フル稼働している非OPEC加盟国の余剰生産能力は乏しい。故に最悪の場合、日量300万バレル前後が不足する恐れがある。
米国のシェールオイルの増産が期待されるが、シェールオイル生産企業は増産に踏み切りにくいという。地政学リスクによる高騰となると、状況の変化で一転、価格が反落する可能性があるからだ。
また、武力衝突の懸念も消えない。今回の無人機攻撃について、イエメンのフーシ派が犯行声明を出したものの、米国は、フーシ派を支援しているイランの犯行と断定している。対イラン強硬派のボルトン氏の大統領補佐官辞任で好転するかに見えた米・イラン関係は、再び緊張が高まっている。
攻撃したのがフーシ派にせよ、イランにせよ、石油関連施設を破壊されたサウジが報復をしないでいるとは考えにくい。
世界最大の石油供給エリアである中東で武力衝突が起き、報復し合う展開になれば、原油価格が100ドルに近づいてもおかしくない。
中東での混乱が長期化すれば、米中貿易摩擦長期化で減速傾向が続いている世界経済の足を引っ張ることになりかねない。
石油元売りは原油価格上昇で恩恵を受ける
中東の混乱が長期化し、原油価格が高値圏で推移すれば、日本企業への影響も大きくなっていこう。その中で、 原油価格の上昇で恩恵を受ける業界がある。

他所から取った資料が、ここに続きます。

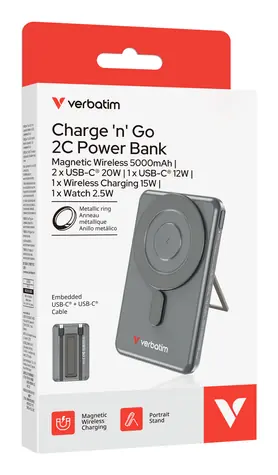 Verbatim Charge 'n' Go 2C šedá / Magnetická powerbanka / 5000 mAh / 2x USB-C / Rychlé nabíjení
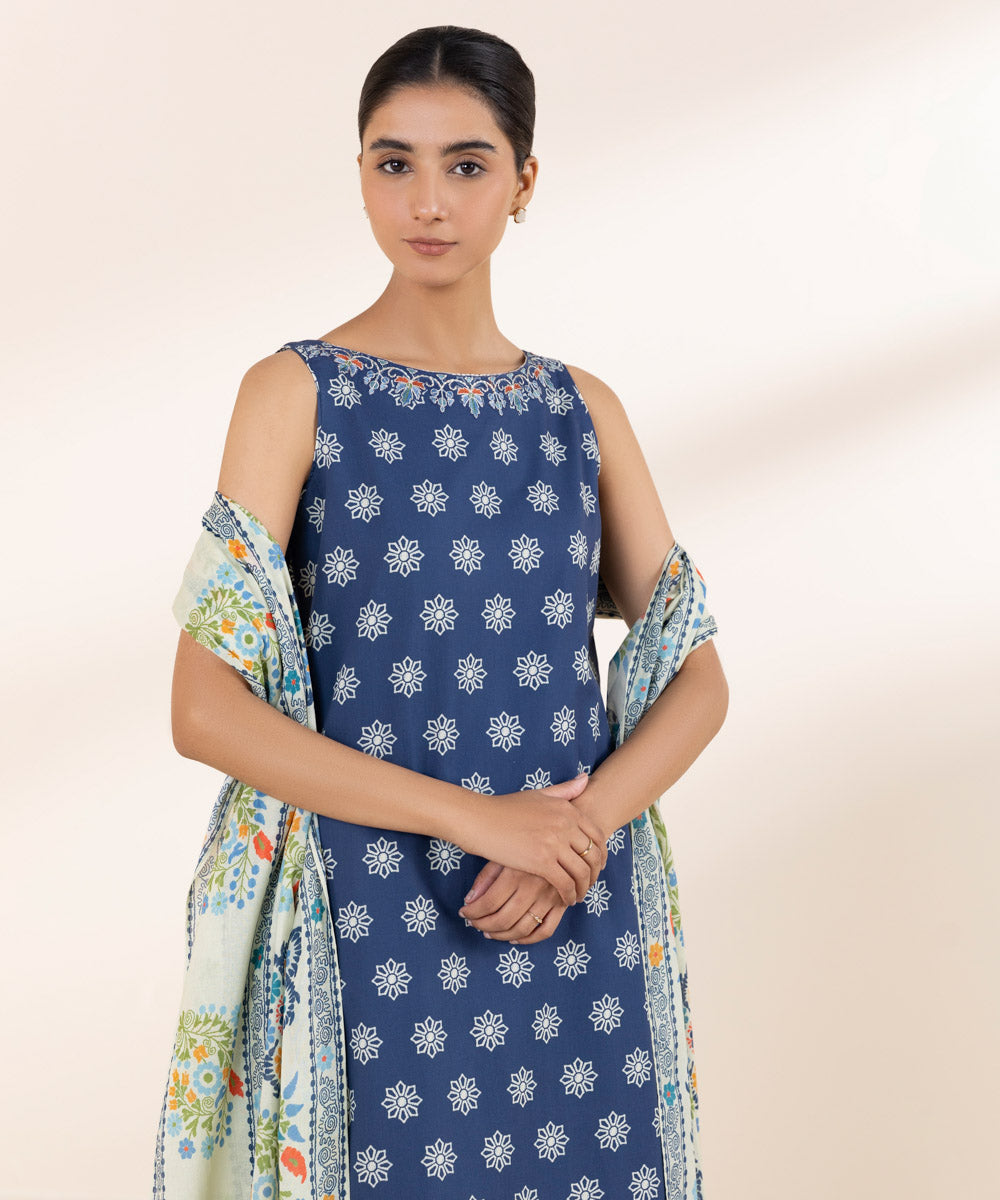 Women's Unstitched Lawn Embroidered Blue 3 Piece Suit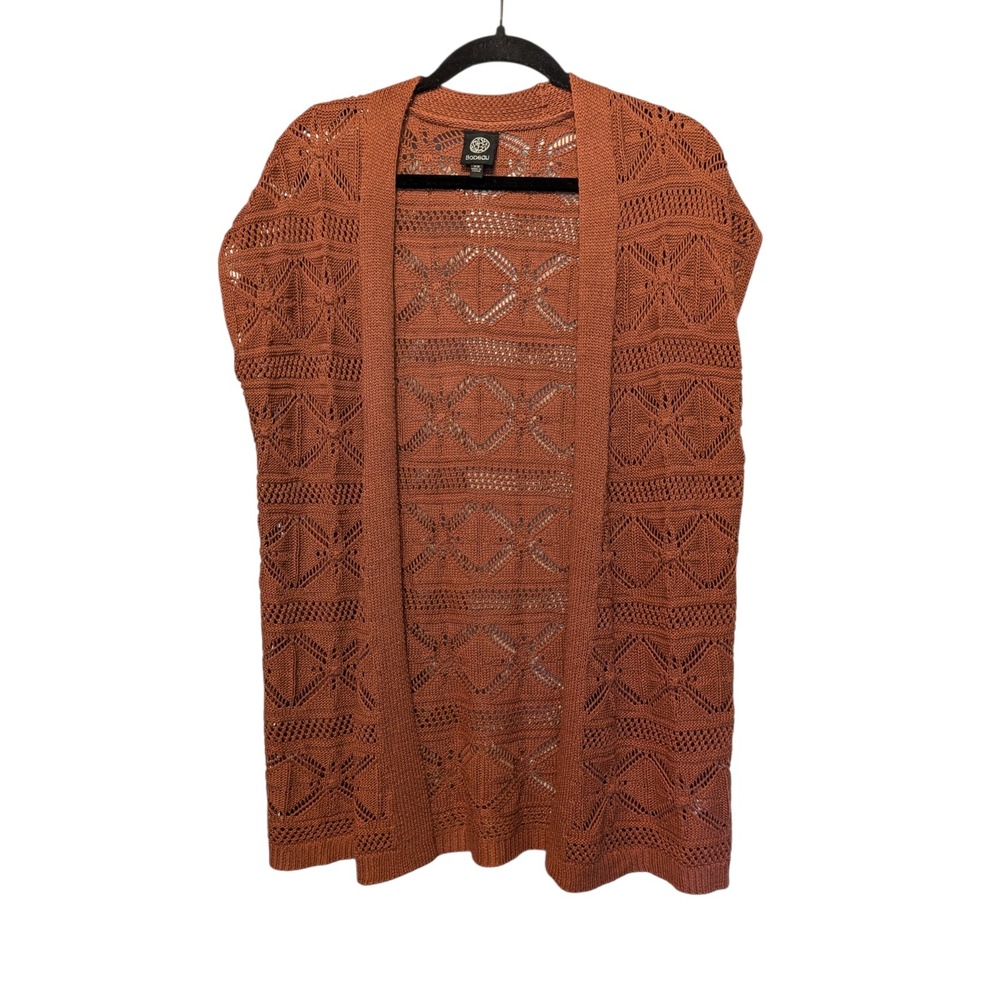 Bobeau Rust Orange Pointelle Knit Open Front Cardigan Vest MM2M37 XS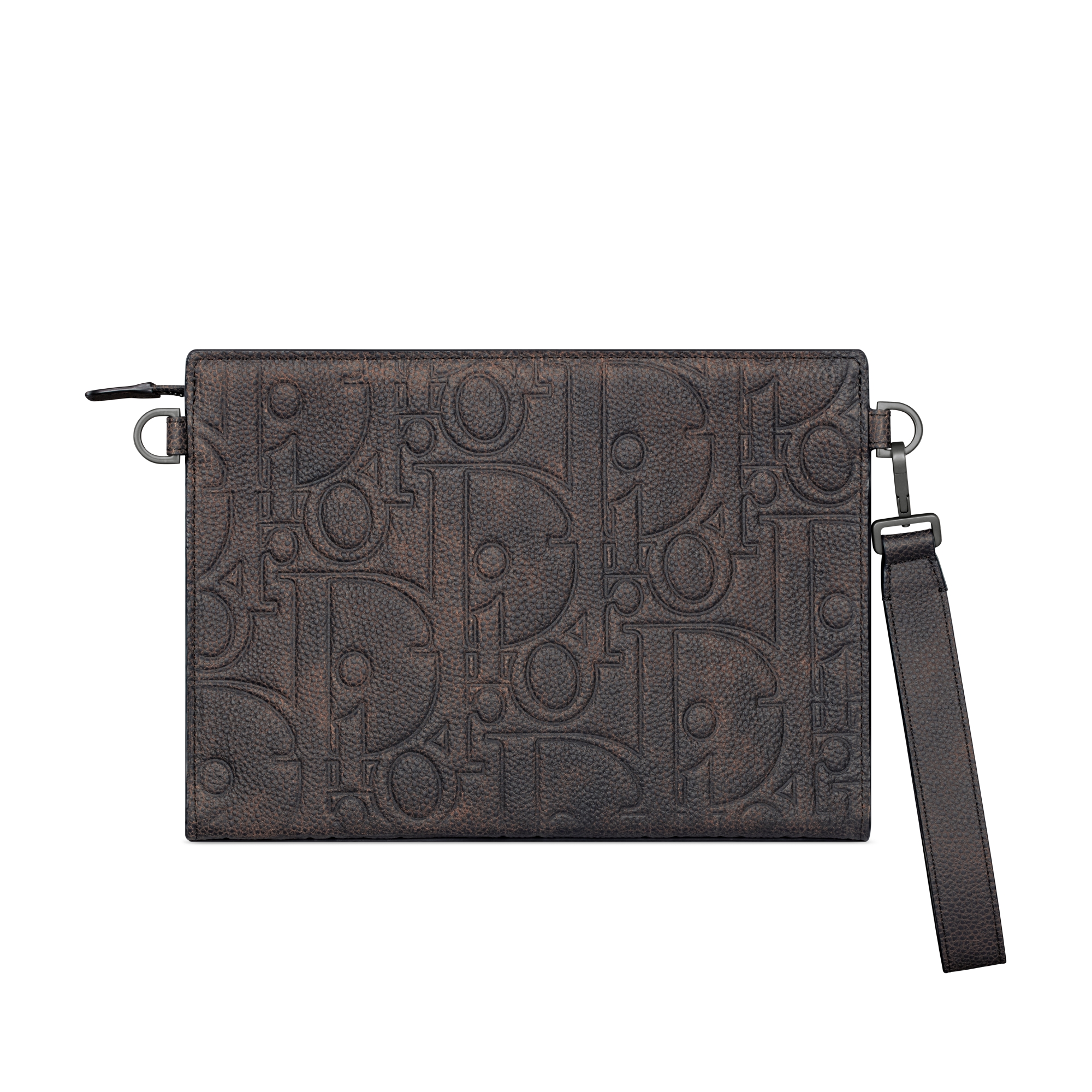 A5 Triangle Pouch Brown Dior Gravity Vintage Leather E08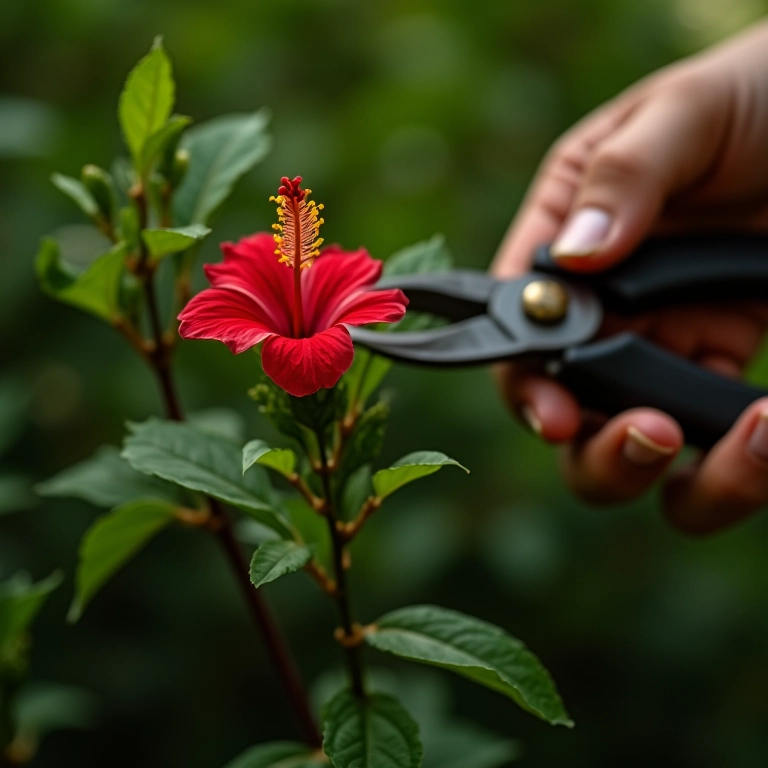 Podando a planta de hibisco para estimular a floração.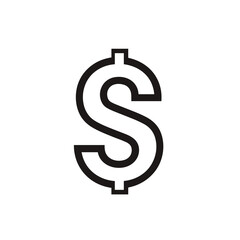Obraz premium The design features a minimalist black dollar sign in a simple line style, ideal for representing financial transactions and economic discussions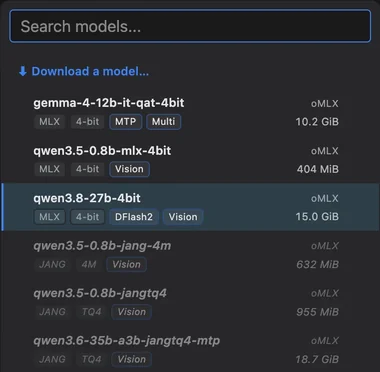 Model picker listing local models with format and quantization badges (MLX, JANG, 4-bit, TQ4), speculative heads (MTP, DFlash2), Vision support, the serving engine (oMLX) and size.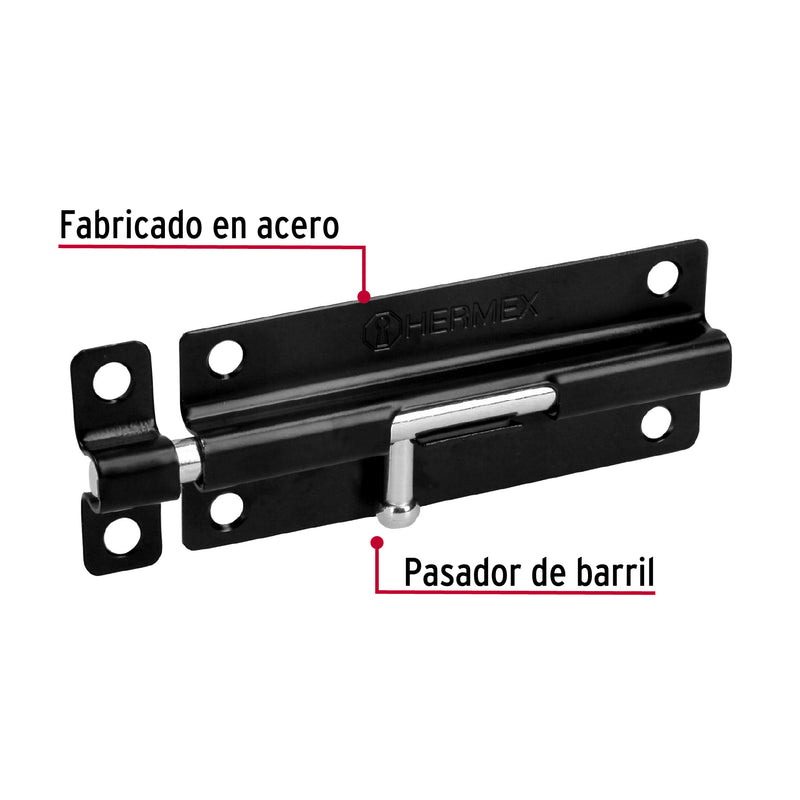 Pasador de acero negro, 5", Hermex Basic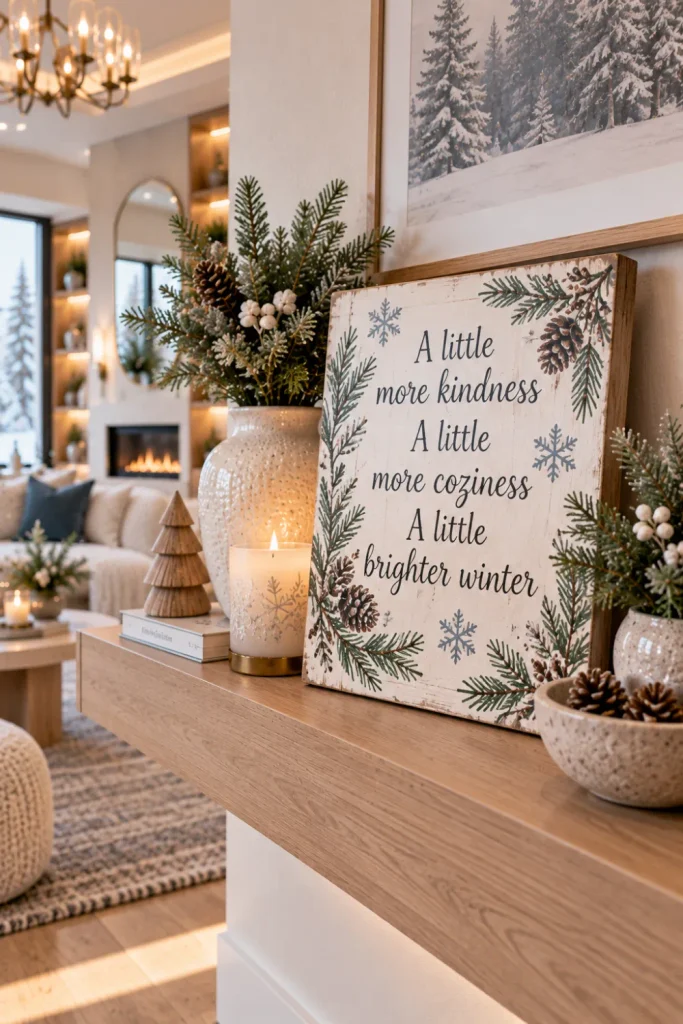 Hand-painted winter quote sign in neutral tones styled with greenery and ceramics on a modern 2026 living room shelf.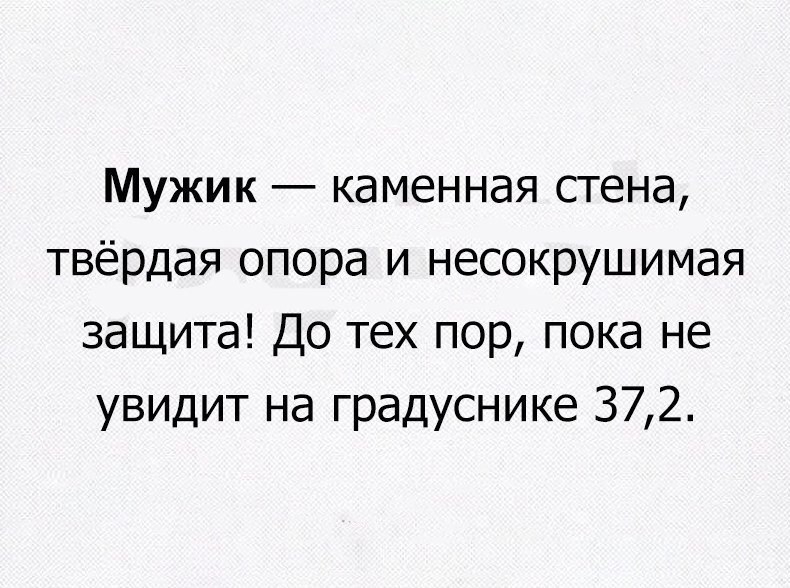 Мужик каменная стена твёрдая опора и несокрушимая защита До тех пор пока не увидит на градуснике 372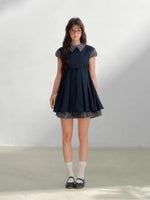 Gray Layered Collar Shirt Dress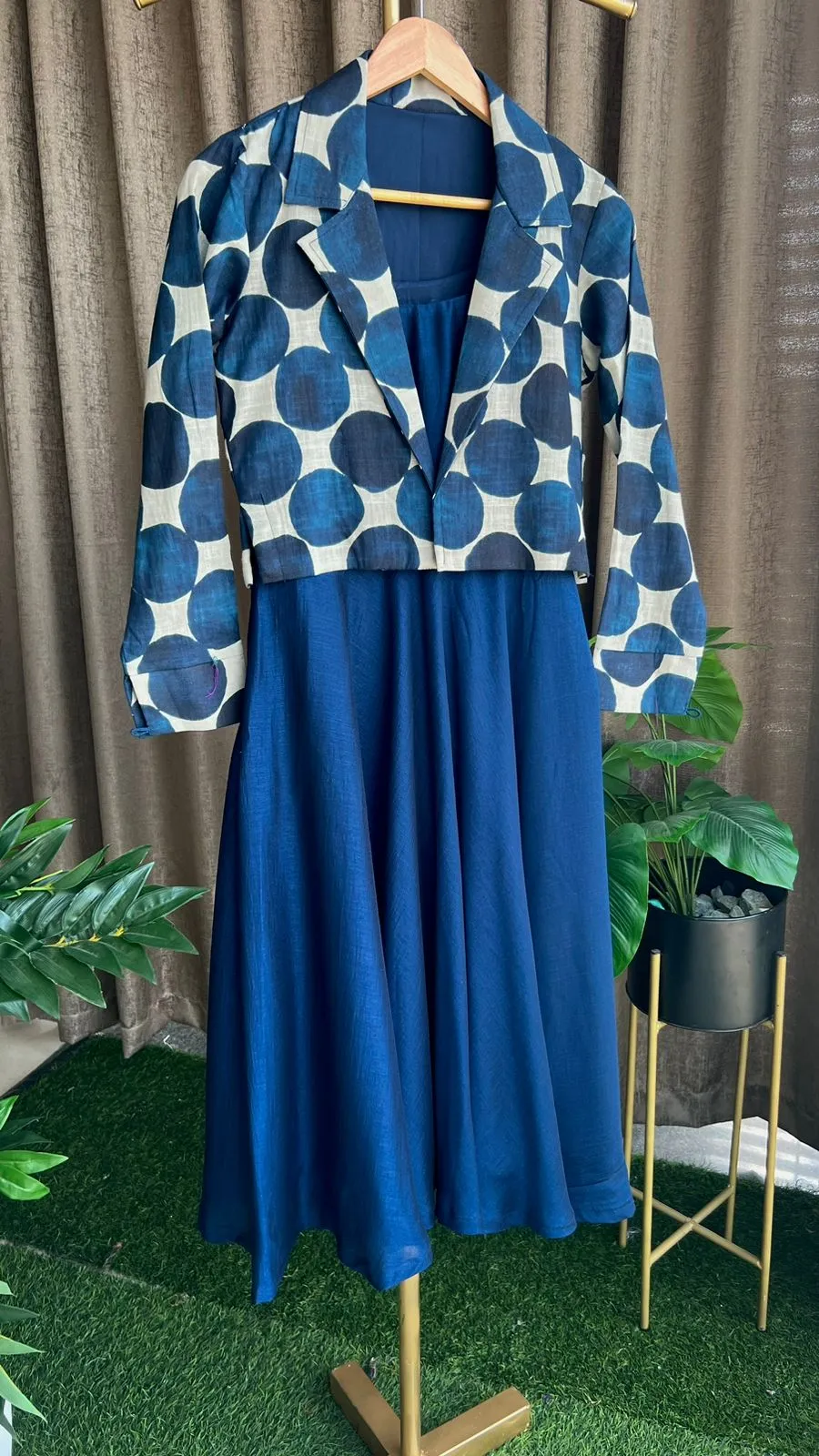 Blue spaghetti dress & blazer coord sets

JXTGホールディングスや出光興産が代表格となる石油元売り業界だ。
元売り各社には、70日間の「民間備蓄」が法律で定められている。原油価格が上昇すれば備蓄分の在庫評価がプラスとなり、増益要因となるのだ。
多くの業界にとって事態の長期化は憂いだ。今のところは日本への影響は軽微だが、70ドル前後で推移したとしても、消費税率引き上げに伴う駆け込み需要の反動減が懸念される時期に物価上昇圧力が増大することになり、消費減に拍車を掛けるだろう。武力衝突ともなれば世界経済のより一層の減速による輸出減少も加わり、日本経済が腰折れする可能性が高まる。